Segment Start: Data under study

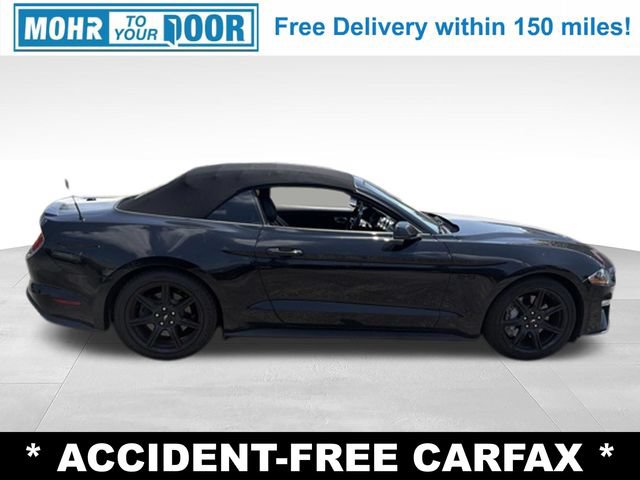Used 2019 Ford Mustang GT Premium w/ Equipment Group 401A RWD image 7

Segment End: Data under study
Segment Start: Data under study

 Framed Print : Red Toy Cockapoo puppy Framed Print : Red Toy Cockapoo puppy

Segment End: Data under study
Segment Start: Data under study

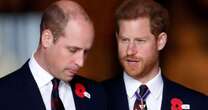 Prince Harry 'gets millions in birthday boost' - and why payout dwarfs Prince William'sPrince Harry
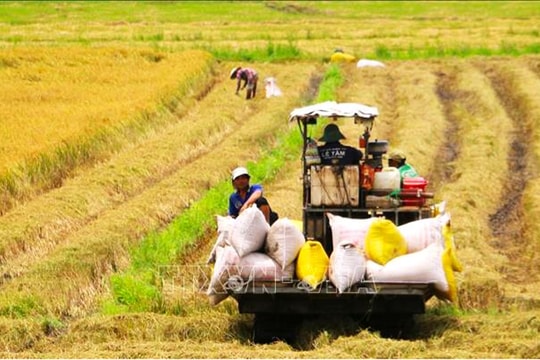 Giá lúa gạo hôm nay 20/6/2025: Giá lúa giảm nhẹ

Segment End: Data under study

> _Try it_
Return only the stretch above from the line containing "Prince Harry 'gets" through the line containing "Giá lúa gạo", word for word and without pictures.

> _Response box_
 Prince Harry 'gets millions in birthday boost' - and why payout dwarfs Prince William'sPrince Harry
 Giá lúa gạo hôm nay 20/6/2025: Giá lúa giảm nhẹ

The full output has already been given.